Page MenuHomePhabricator

robots.txt for no.wikipedia.org
Closed, InvalidPublic

Description

Author: baard

Description:
Please add the following to robots.txt for nowiki:

Disallow: /wiki/Bruker
Disallow: /wiki/Brukerdiskusjon
Disallow: /wiki/Wikipedia:Administratorer
Disallow: /wiki/Wikipedia-diskusjon:Administratorer
Disallow: /wiki/Wikipedia:Sletting
Disallow: /wiki/Wikipedia-diskusjon:Sletting
Disallow: /wiki/Spesial

See http://no.wikipedia.org/wiki/Wikipedia:Tinget#S.C3.B8kemotorer_beh.C3.B8ver_ikke_se_alle_sider for discussion.


Version: unspecified
Severity: enhancement
URL: http://no.wikipedia.org/robots.txt

Details

Reference
bz11432

Event Timeline

bzimport raised the priority of this task from to Lowest.Nov 21 2014, 9:59 PM
bzimport set Reference to bz11432.
bzimport added a subscriber: Unknown Object (MLST).

jeluf wrote:

Added:

11432

Disallow: /wiki/Bruker:
Disallow: /wiki/Bruker%3A
Disallow: /wiki/Brukerdiskusjon
Disallow: /wiki/Wikipedia:Administratorer
Disallow: /wiki/Wikipedia%3AAdministratorer
Disallow: /wiki/Wikipedia-diskusjon:Administratorer
Disallow: /wiki/Wikipedia-diskusjon%3AAdministratorer
Disallow: /wiki/Wikipedia:Sletting
Disallow: /wiki/Wikipedia%3ASletting
Disallow: /wiki/Wikipedia-diskusjon:Sletting
Disallow: /wiki/Wikipedia-diskusjon%3ASletting
Disallow: /wiki/Spesial:
Disallow: /wiki/Spesial%3A

vacuum wrote:

The previous will not always work, and the snippet belove should probably be somewhat better. It will not be a complete solution to the problem with search engines failing to find articles without parents, but it will allow an additional hack for some of the special pages.
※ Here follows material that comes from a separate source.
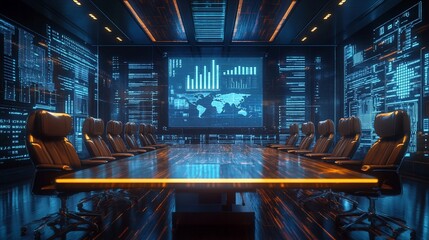 Poster - Modern conference room with digital displays and sleek design.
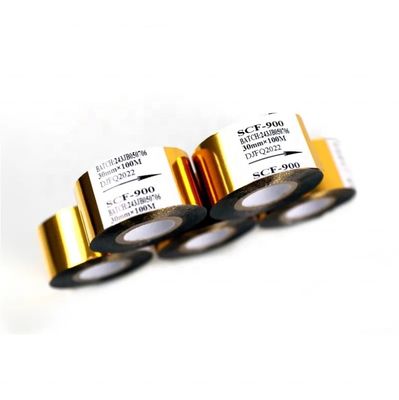 Impressão em fita de carimbo a quente em cores pretas em 30*100m em múltiplas superfícies com largura de 12 mm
Disallow: /wiki/Spesial:S%C3%B8k
Disallow: /wiki/Spesial%3AS%C3%B8k
Disallow: /wiki/Special:S%C3%B8k
Disallow: /wiki/Special%3AS%C3%B8k
Disallow: /wiki/Spesial:Tilfeldig_side
Disallow: /wiki/Spesial%3ATilfeldig_side
Disallow: /wiki/Special:Tilfeldig_side
Disallow: /wiki/Special%3ATilfeldig_side
Disallow: /wiki/Bruker:
Disallow: /wiki/Bruker%3A
Disallow: /wiki/Brukerdiskusjon:
Disallow: /wiki/Brukerdiskusjon%3A
Disallow: /wiki/User:
Disallow: /wiki/User%3A
Disallow: /wiki/User_talk:
Disallow: /wiki/User_talk%3A
Disallow: /wiki/WP:A
Disallow: /wiki/WP%3AA
Disallow: /wiki/Wikipedia:Administratorer
Disallow: /wiki/Wikipedia%3AAdministratorer
Disallow: /wiki/Wikipedia-diskusjon:Administratorer
Disallow: /wiki/Wikipedia-diskusjon%3AAdministratorer
Disallow: /wiki/Wikipedia_talk:Administratorer
Disallow: /wiki/Wikipedia_talk%3AAdministratorer
Disallow: /wiki/WP:S
Disallow: /wiki/WP%3AS
Disallow: /wiki/Wikipedia:Sletting
Disallow: /wiki/Wikipedia%3ASletting
Disallow: /wiki/Wikipedia-diskusjon:Sletting
Disallow: /wiki/Wikipedia-diskusjon%3ASletting
Disallow: /wiki/Wikipedia_talk:Sletting
Disallow: /wiki/Wikipedia_talk%3ASletting

This adds english namespaces in combination with norwegian names, shortcuts that otherwise bypass the robots exclusion rules and give explicit names for the search page. A few special pages that now uses $wgOut->setRobotpolicy( 'noindex,nofollow' ) should insted use $wgOut->setRobotpolicy( 'noindex' ). This should be done on at least Special:Newpages, and the page should be set up with a longer list of articles when it is hit by a search engine, or a special page optimized as a search engine index could be made. It is probably sufficient for smaller projects to keep the pages as is, while medium sized projects could modify Special:Newpages. Very large projects could possibly create so many new pages between each hit that a special solution could be necessary.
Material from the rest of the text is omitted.